Because what I wanted to share had never happened to me before. I won’t go too deeply into the details, but I have reason to believe an Airbnb host denied my stay at her listing because my profile shows a heavy dose of faith-related things, such as my seminary degree and a few previous jobs at churches and other Christian non-profits. I’m not going to list all the reasons I believe my hunch to be true, but there are several. And just the possibility of being denied a place to stay because of my belief system is a new experience for me.
I realize how naive that could sound to those who are judged every day based on the color of their skin, gender, sexuality or religion if they don’t line up with the cultural norms where they live. But I had an “I get it!” sort of moment and wanted to share. I also wanted to talk to others who might have had a similar experience.
So I made the post. And for the most part the folks who responded were interested and respectful. They gave me the benefit of the doubt on my perspective or motive in raising the topic. A few did decide to answer questions I didn’t ask and were preachy. And then one person got … well … a little nasty. She decided I was unfairly biased since I didn’t give proof of prejudice beyond a shadow of a doubt and that I should never have made the post without proving my case first. For her I couldn’t “think out loud” or ask the group to trust my experience without proving it.
I can see red pretty quickly in instances like that (another reason I rarely make posts in discussion groups) and decided not to go head-to-head with her. But my silence seemed to make her more angry. And wordy. To the Facebook group’s credit, an Admin ended up removing most of her comments and muting her for a while since her words and attitude didn’t promote the grace, kindness and safe conversation encouraged in this particular group.
Was I surprised to see comments like hers online? No. Of course not! Vitriol and hate run rampant in discussion threads across the internet spectrum, and impersonal text on a screen apparently gives people license to say things they never would in person. And this person wasn’t really hateful, just aggressive, argumentative, and demanding to see something that I believe took away from the focus of my original post.
But the brief episode made me sad. Despite the fact that I raised the issue, I had no desire to prove the horribleness of the Airbnb host who might have denied my stay based on my faith. And I didn’t want anyone to think I believed this possibility of prejudice even remotely compared to what others experience every day. I just wanted to air it out. Acknowledge the ugliness of any kind of discrimination. Maybe discuss how to confront it. Maybe even learn to love the ones who hate us and, most certainly, to love those who suffer far more than we do.
The internet and social media aren’t “safe.” The reality is people will always misunderstand and possibly judge us for what we say, don’t say, how we say or don’t say something, etc., whether we’re communicating through the internet or face-to-face.
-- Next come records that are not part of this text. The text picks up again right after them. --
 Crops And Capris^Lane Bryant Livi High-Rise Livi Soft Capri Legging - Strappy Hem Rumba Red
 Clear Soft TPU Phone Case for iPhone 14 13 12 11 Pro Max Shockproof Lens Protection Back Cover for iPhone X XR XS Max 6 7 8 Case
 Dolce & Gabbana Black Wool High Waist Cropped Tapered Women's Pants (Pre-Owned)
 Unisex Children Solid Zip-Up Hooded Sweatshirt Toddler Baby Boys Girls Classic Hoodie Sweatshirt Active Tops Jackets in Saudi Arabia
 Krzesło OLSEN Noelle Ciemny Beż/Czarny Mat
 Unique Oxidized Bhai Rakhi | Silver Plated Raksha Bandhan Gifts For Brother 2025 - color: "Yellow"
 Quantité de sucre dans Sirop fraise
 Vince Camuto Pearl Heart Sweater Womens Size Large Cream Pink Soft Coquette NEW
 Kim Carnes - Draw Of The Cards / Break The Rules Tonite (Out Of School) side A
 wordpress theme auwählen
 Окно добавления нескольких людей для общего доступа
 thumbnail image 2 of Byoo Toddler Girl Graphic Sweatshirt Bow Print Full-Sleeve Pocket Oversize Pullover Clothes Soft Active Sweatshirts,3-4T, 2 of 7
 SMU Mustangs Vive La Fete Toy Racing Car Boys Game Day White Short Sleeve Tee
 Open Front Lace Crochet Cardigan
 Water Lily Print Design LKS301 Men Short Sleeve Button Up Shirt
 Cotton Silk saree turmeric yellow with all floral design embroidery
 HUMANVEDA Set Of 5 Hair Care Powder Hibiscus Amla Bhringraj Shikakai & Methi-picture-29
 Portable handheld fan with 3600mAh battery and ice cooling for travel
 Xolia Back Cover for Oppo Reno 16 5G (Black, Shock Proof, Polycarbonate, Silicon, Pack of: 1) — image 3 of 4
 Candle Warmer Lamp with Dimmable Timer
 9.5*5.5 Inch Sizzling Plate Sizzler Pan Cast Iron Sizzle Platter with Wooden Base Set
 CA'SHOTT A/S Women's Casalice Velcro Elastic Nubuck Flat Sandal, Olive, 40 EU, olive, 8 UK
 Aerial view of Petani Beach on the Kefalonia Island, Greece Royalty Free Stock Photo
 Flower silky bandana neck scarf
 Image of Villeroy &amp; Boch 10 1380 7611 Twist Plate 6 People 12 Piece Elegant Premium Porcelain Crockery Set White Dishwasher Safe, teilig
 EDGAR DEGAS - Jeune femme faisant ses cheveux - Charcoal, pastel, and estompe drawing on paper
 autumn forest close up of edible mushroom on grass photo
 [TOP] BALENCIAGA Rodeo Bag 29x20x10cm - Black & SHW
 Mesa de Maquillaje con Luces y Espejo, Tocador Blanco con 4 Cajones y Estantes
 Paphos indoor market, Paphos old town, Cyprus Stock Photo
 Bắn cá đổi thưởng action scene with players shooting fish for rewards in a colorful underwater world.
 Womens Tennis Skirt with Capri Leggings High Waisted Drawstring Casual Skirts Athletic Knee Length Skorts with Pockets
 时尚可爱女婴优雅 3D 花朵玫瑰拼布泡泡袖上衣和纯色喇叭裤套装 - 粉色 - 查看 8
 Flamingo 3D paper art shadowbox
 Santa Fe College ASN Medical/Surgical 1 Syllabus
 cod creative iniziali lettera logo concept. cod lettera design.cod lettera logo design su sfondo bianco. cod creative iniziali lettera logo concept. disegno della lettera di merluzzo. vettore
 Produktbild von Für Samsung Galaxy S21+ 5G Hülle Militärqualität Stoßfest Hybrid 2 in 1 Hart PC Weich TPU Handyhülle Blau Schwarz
But does that mean we should be afraid to communicate at all?
No. But we might need to grow thicker skin and know what battles … I mean conversations … to enter into and which ones to leave alone.
Not all bad
I admit that I let this person affect my day far out of proportion to what I should have, mainly because I got angry and believed she was unjust. And part of me really wanted to stoop to her level and type of language. Ultimately, however, I was encouraged and even challenged by some of what people shared with me on the discussion thread. Most of the language was laced with grace and a longing for a better world. Some of them wanted to understand and grieve the wounds that might have caused the host to deny allowing a Christian to stay at her home. And another wanted to be very, very careful not to engender an “us vs. them” mentality.
That in particular was absolutely not what I intended, and I’m so glad the gentleman verbalized what he did. Because it reminded me how dangerous words are. Especially careless ones.
Now if only everyone on the internet would feel the same.